Aswini B | 04 September 2019
Sickle cell anemia is a major health concern globally and India is estimated to be the second highly affected country. It is a chronic, inherited disease. It is a condition where the red blood cells are rigid and sticky and are sickle shaped, instead of the normal flexible and round shape. Because of the irregular shape, these cells get stuck into small blood vessels causing blockage and lead to reduced blood flow and oxygen supply to various tissues and organs leading to their damage and pain. It is known to be caused by homozygous mutation in the HBB gene which is crucial for the synthesis of hemoglobin.

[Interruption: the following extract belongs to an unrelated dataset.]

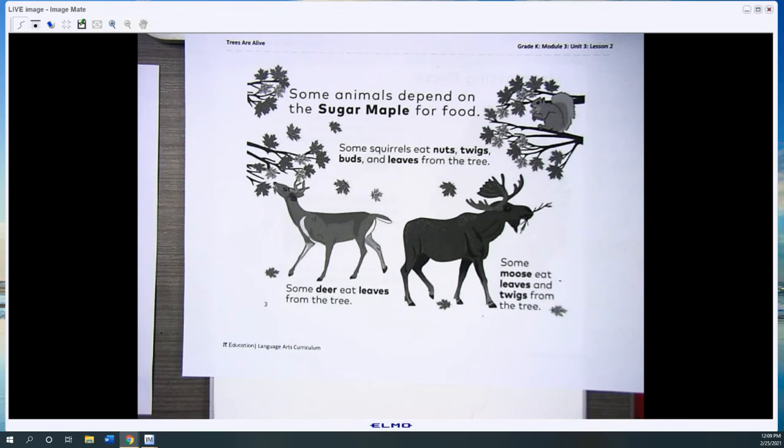Deer eat leaves from the tree. Some moose eat leaves and twigs from the tree.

Currently, the only treatment available is blood and bone marrow transplant. There is no long term solution for the problem.
Researchers are actively engaged in trying to understand the disease and discover cure. However, due to limited biological models, the current disease modeling and drug discovery programs fail to recapitulate the disease phenotypes. To generate a better system to understand the disease and find therapy, more focus is being given towards stem cells.
Dr. Sivaprakash and team have isolated blood cells from a 17-year old sickle cell anemia patient and converted them to stem cells (induced pluripotent stem cells or iPSCs). They have analyzed the cells for their pluripotency and confirmed the mutation present in the cells match with the patient. Dr. Ramalingam says that, “these cells can be used to correct the mutation genetically and deliver back to the patients”. Since the cells were obtained from the patient, the antigenicity observed post correction would be lesser. He also says that, “these iPSCs, when differentiated into the haematopoietic (blood) lineage, can re-captulate the severity observed in patients. So, screening small molecules in these cells, can aid in identifying drugs that can effectively treat the patient”.
This approach of generating patient specific models for diseases would serve as an excellent disease model and offer a sustainable tissue resource for modeling the disease, develop novel therapeutic strategies using genetic modification and drug screening and opens a new arena for personalized medicine.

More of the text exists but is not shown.